Wednesday, January 7, 2015
Continuing to Blog in Obscurity
I've been thinking more lately about the nature of blogging. (Don't worry -- I'm not giving it up. I know you were panicked at that possibility! Ha!)
Specifically, I've been thinking about what makes blogging work, and my own blog, and somewhat disconnectedly, whether I want to put more of my old writing online.
My blog has a small audience. Although I'm always happy to hear and see evidence that people read it, and I've made some connections through blogging with people I consider true friends, I would be lying if I said I did it purely for readership. I mean, if that were the case, I'd be the most depressed person on earth. Forty page views a day? Sad!
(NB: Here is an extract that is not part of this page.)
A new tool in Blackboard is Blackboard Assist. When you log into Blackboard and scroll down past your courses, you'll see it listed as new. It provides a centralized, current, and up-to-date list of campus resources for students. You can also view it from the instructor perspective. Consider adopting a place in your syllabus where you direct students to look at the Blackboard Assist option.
It's more about organizing my thoughts, processing my experiences of the world, communicating with friends, and recording things I'd otherwise forget.
In fact, I kind of like the cozy atmosphere. I almost never tout my posts on Facebook and I don't Tweet or do anything else to get them "out there." I've thought about it, but every time I think of all 500 of my Facebook friends reading my blog, I blanch a little. I don't mind if they find it, but I kind of don't want them all here at once. This is a small party. The room is not that big.
I read an article the other day, on a site which sadly I can no longer find, about the nature of a successful blog. The writer of this post said that successful blogs (measured in quantities of readers) are rarely personal journals. They tend, instead, to be about specific topics. So that might be part of why my readership is what it is.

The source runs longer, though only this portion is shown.